▶ Exercise: The output should be the listing below, limited to the lines from the one with "Wet-plate collodion tintype" through the one with "Kadın Küpe Seti", exact and without pictures.

....

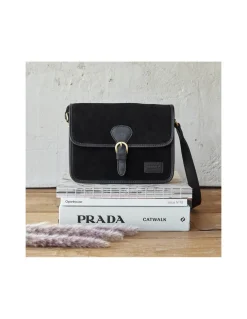 Women'S Leather Bag^MONPIEL Buckle Satchel Bag Black Suede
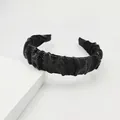 Elegante diadema ancha negra de tela plisada con detalles de cristales negros brillantes - Estilo Ancho Strass Negro Fruncido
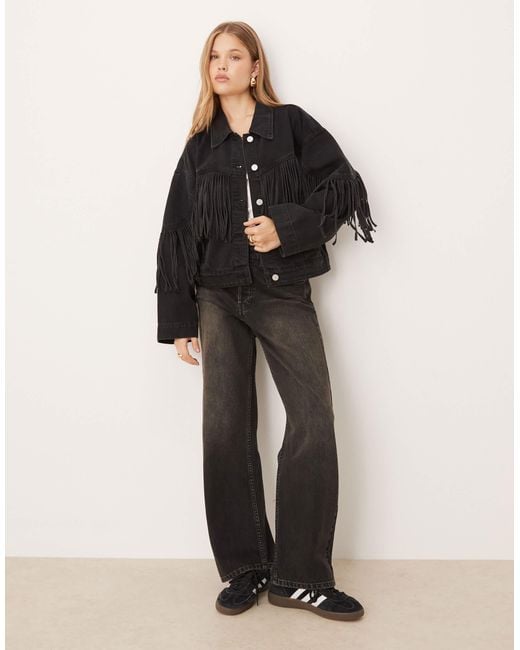 Y.A.S Black Premium Denim Jacket With Fringes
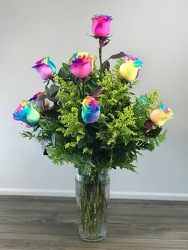 Rainbow Roses - ONE WEEK ONLY Davenport Florist - Same Day Flower Delivery - Flower Power 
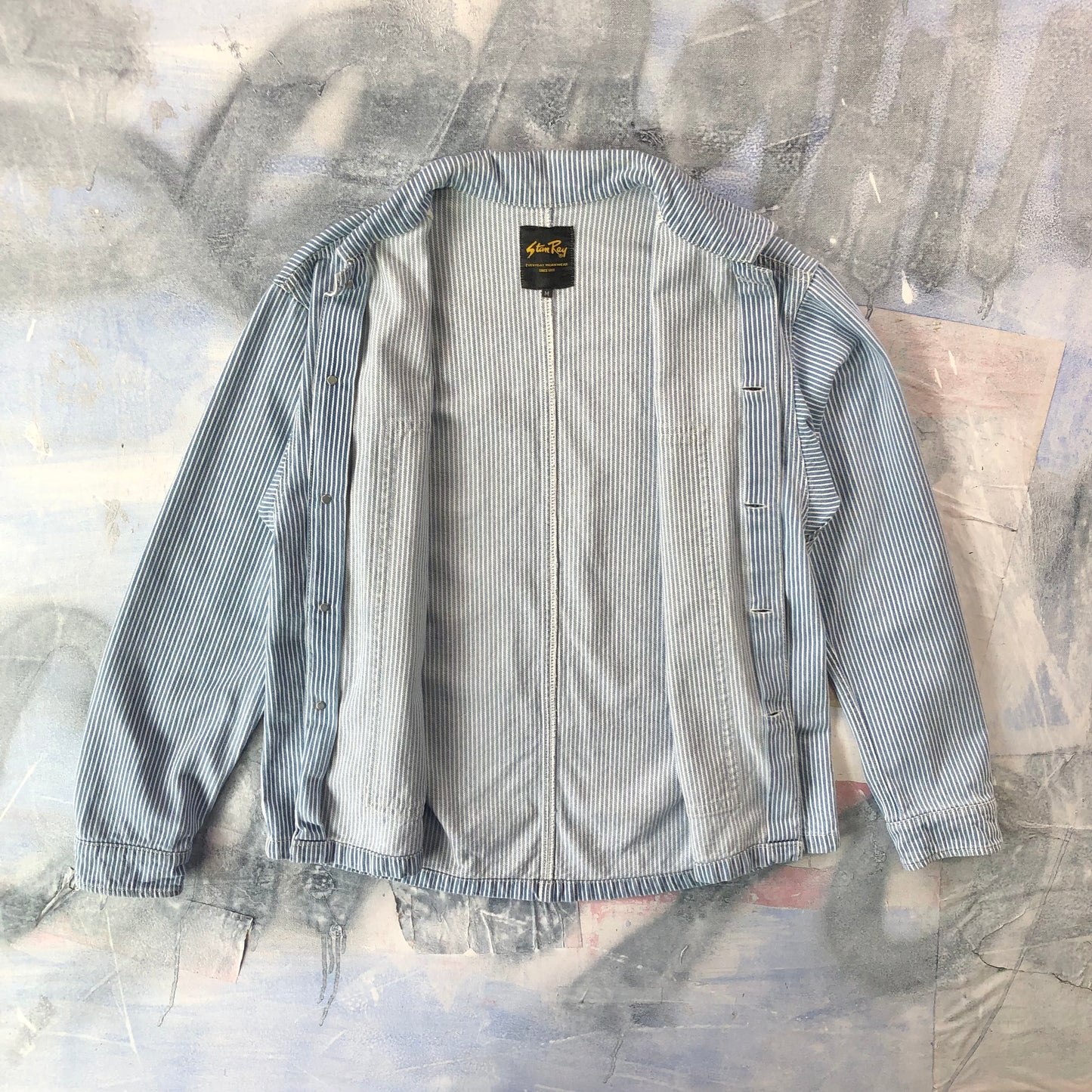 Vintage Stan Ray USA Pin Stripe Workwear Button Jacket M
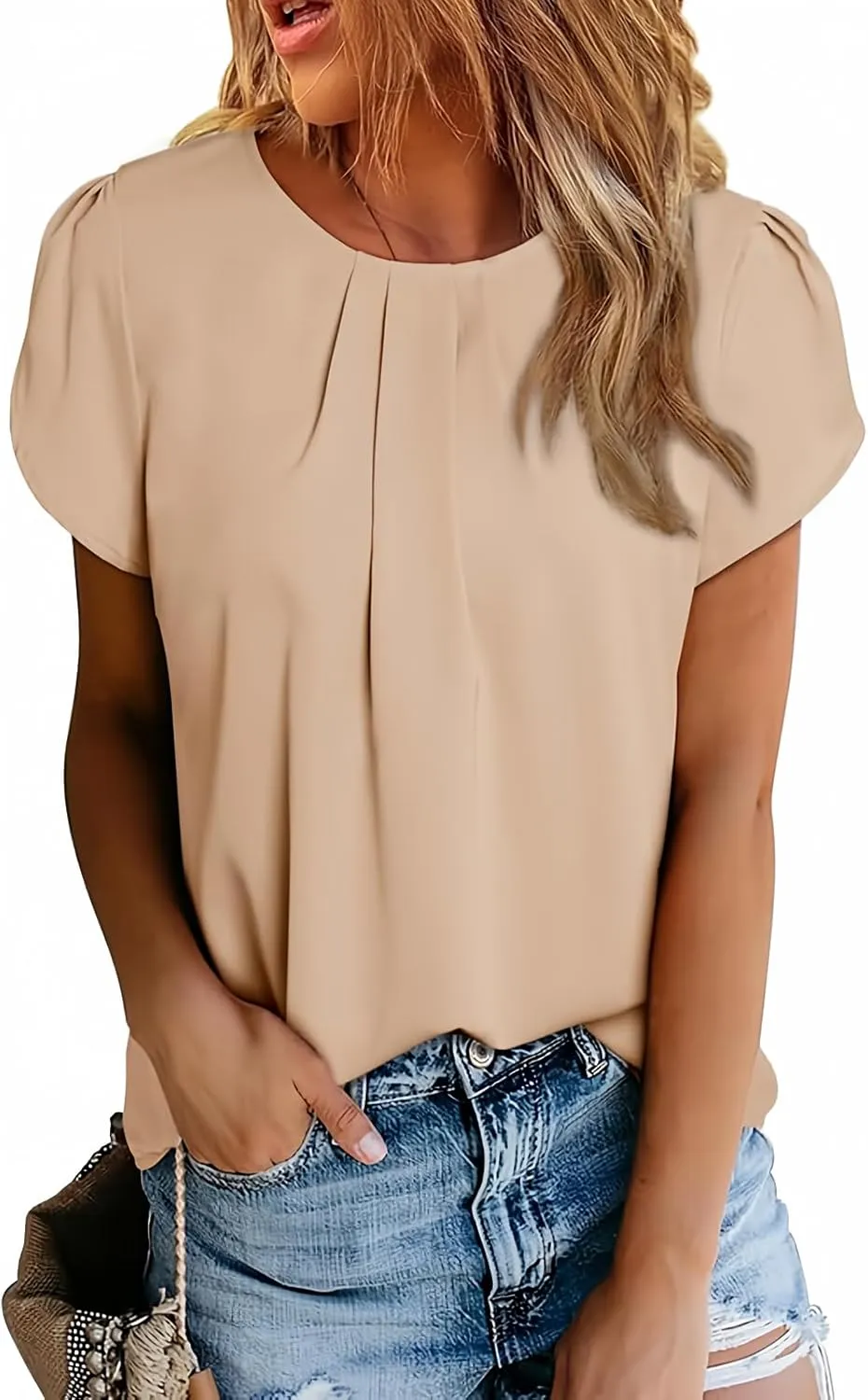 Dokotoo Women's Casual Round Neck Basic Pleated Tops Short Sleeve Loose Fit Curved Keyhole Back Chiffon Blouses Tshirts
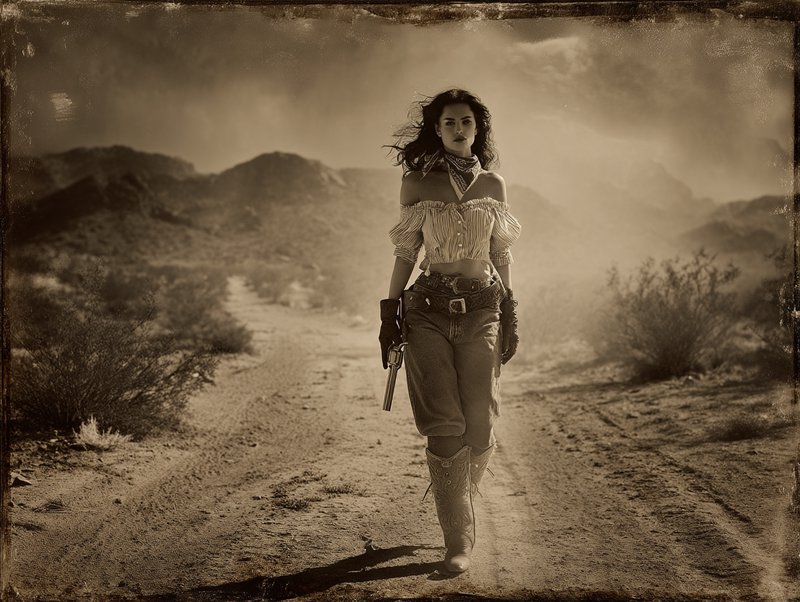 Wet-plate collodion tintype processing combined with cinematic chiaroscuro storytelling, creating a weathered monochrome aesthetic with silver-toned highlights, deep shadow pools, emulsion scratches, light leaks, and chemical bloom artifacts. The result should manifest as a vintage frontier photograph with grainy film texture, dust particles catching light, faded sepia undertones, and a haunting painterly atmosphere where romanticism meets gritty realism, blending tactile analog imperfection with deliberate compositional drama.
A lone cowgirl assassin walking away from the camera down a dusty trail, long dark windblown hair, off-shoulder ruffled gingham blouse with puffy sleeves, fitted denim jeans, leather gun holster strapped around hips and thigh, revolver held loosely in gloved hand, knee-high worn cowboy boots, confident purposeful stride, plaid bandana tied at neck, silhouette framed by swirling dust.
Scene set on a barren desert road at golden dusk, scrubby brush and rocky terrain flanking weathered wagon tracks, swirling dust devils and gunsmoke curling through dry air, distant mesas dissolving into hazy horizon, sun-bleached earth scattered with stones, atmospheric haze diffusing warm light into bronze and ash tones, isolated frontier silence broken only by retreating footsteps.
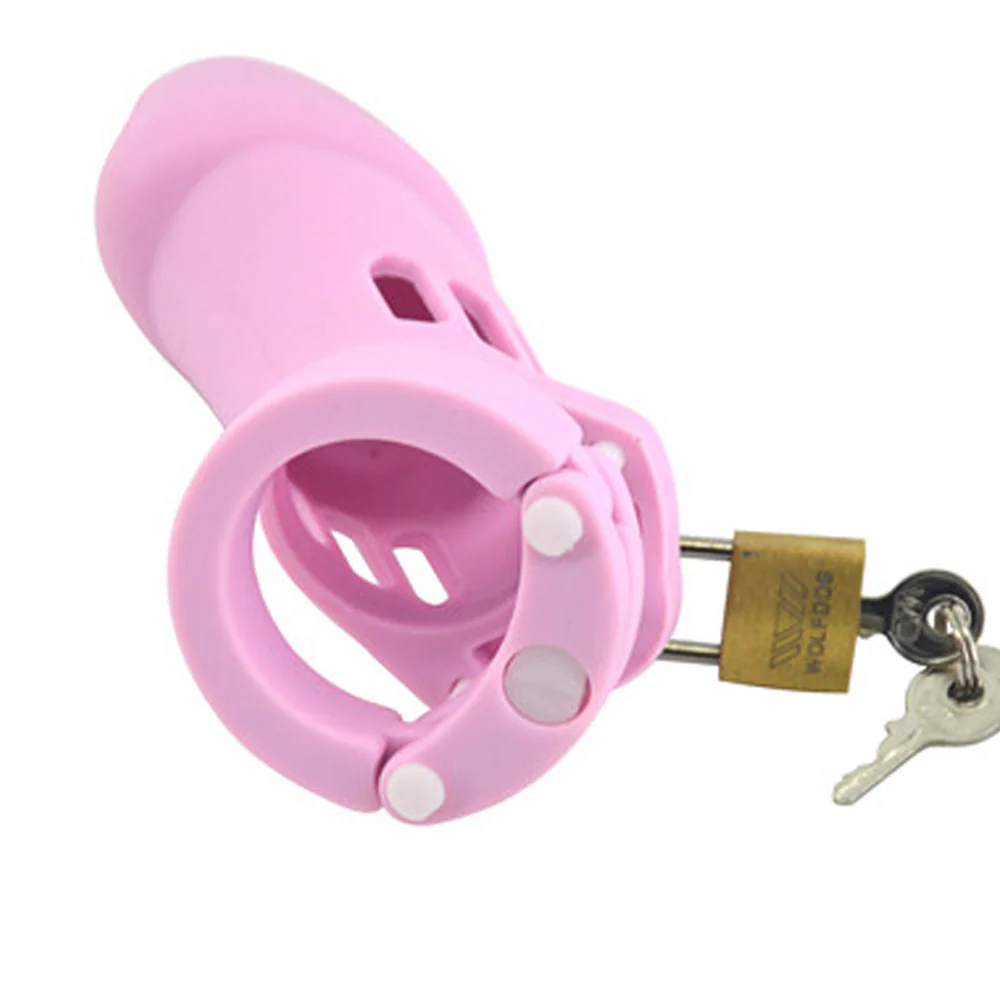 Silicone Chastity Cage Light Pink 3.74 Inches Long - Image 5
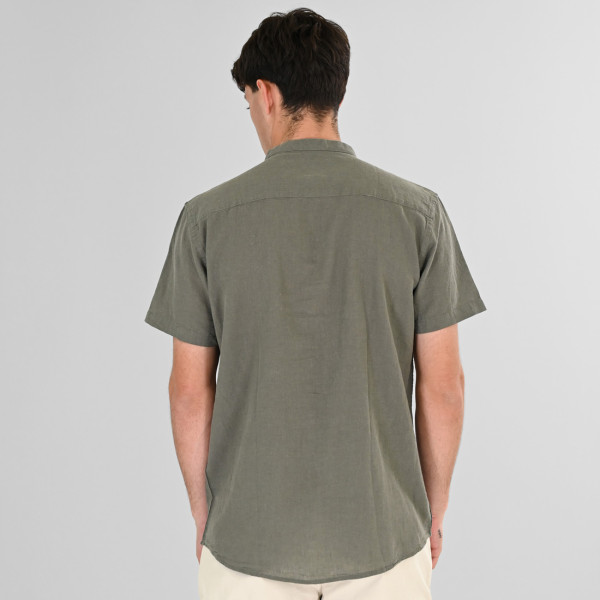 REBASE® Men’s Linen Blend Shirts with Mao Collar and Short Sleeves Linen Olive (261RGS-5177)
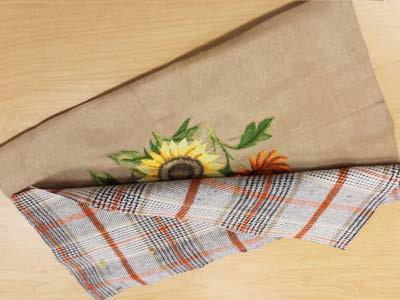 To prepare the top fabric, cut a piece of print cotton fabric to 13" x 5 1/2".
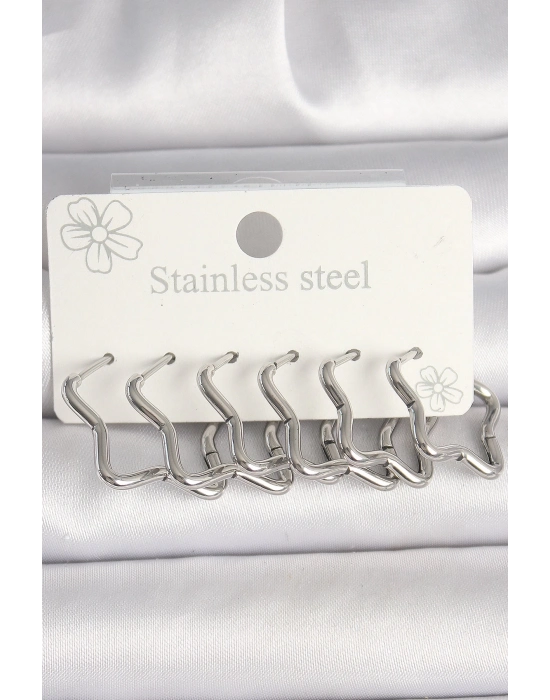 ® 316L Çelik Gümüş Renk Yıldız Model Kadın Küpe Seti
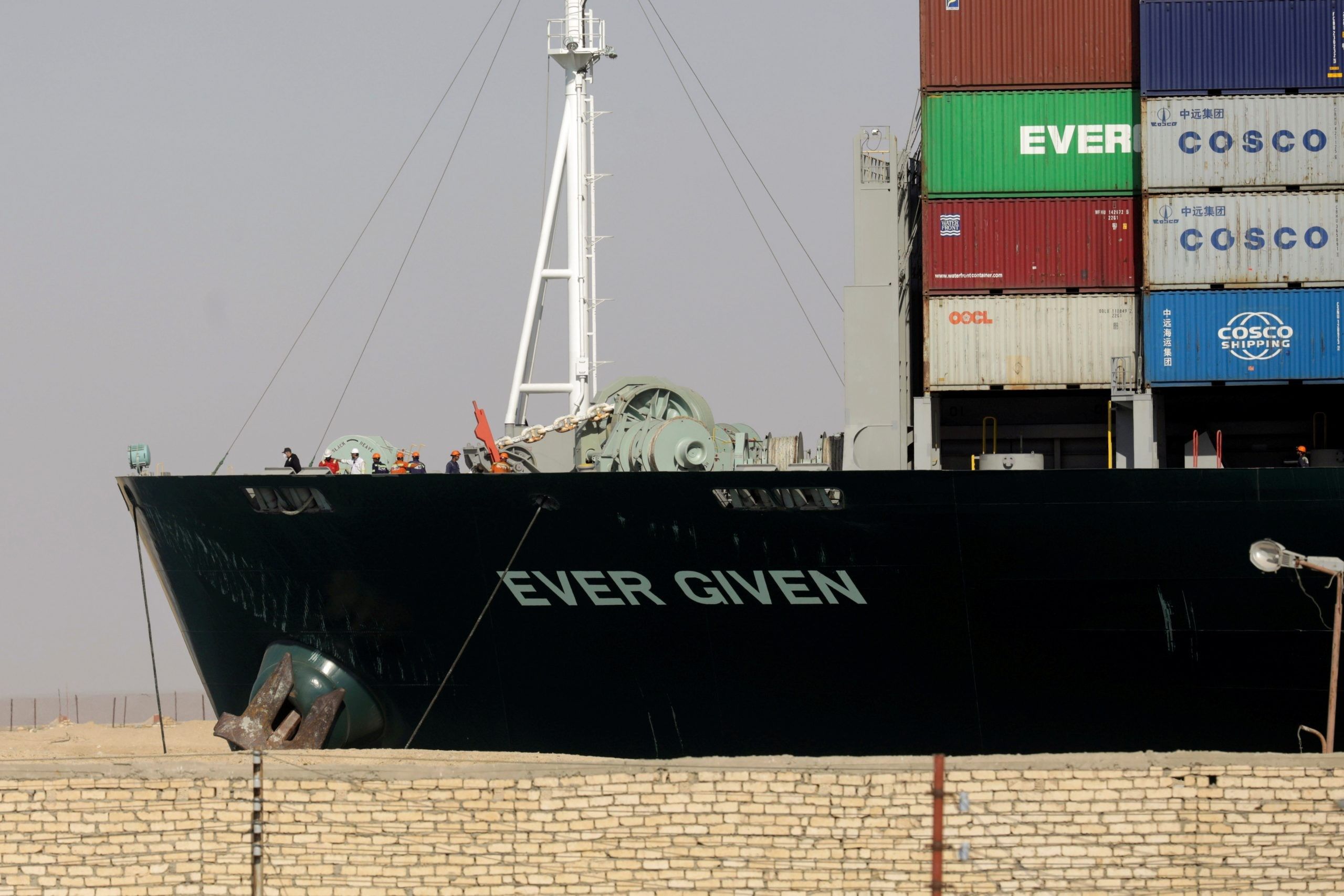 Container ship, Ever Given after it was refloated again in Suez Canal. (Reuters Photo)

....

▶ Your response:
 Wet-plate collodion tintype processing combined with cinematic chiaroscuro storytelling, creating a weathered monochrome aesthetic with silver-toned highlights, deep shadow pools, emulsion scratches, light leaks, and chemical bloom artifacts. The result should manifest as a vintage frontier photograph with grainy film texture, dust particles catching light, faded sepia undertones, and a haunting painterly atmosphere where romanticism meets gritty realism, blending tactile analog imperfection with deliberate compositional drama.
A lone cowgirl assassin walking away from the camera down a dusty trail, long dark windblown hair, off-shoulder ruffled gingham blouse with puffy sleeves, fitted denim jeans, leather gun holster strapped around hips and thigh, revolver held loosely in gloved hand, knee-high worn cowboy boots, confident purposeful stride, plaid bandana tied at neck, silhouette framed by swirling dust.
Scene set on a barren desert road at golden dusk, scrubby brush and rocky terrain flanking weathered wagon tracks, swirling dust devils and gunsmoke curling through dry air, distant mesas dissolving into hazy horizon, sun-bleached earth scattered with stones, atmospheric haze diffusing warm light into bronze and ash tones, isolated frontier silence broken only by retreating footsteps.
 Silicone Chastity Cage Light Pink 3.74 Inches Long - Image 5
 REBASE® Men’s Linen Blend Shirts with Mao Collar and Short Sleeves Linen Olive (261RGS-5177)
 To prepare the top fabric, cut a piece of print cotton fabric to 13" x 5 1/2".
 ® 316L Çelik Gümüş Renk Yıldız Model Kadın Küpe Seti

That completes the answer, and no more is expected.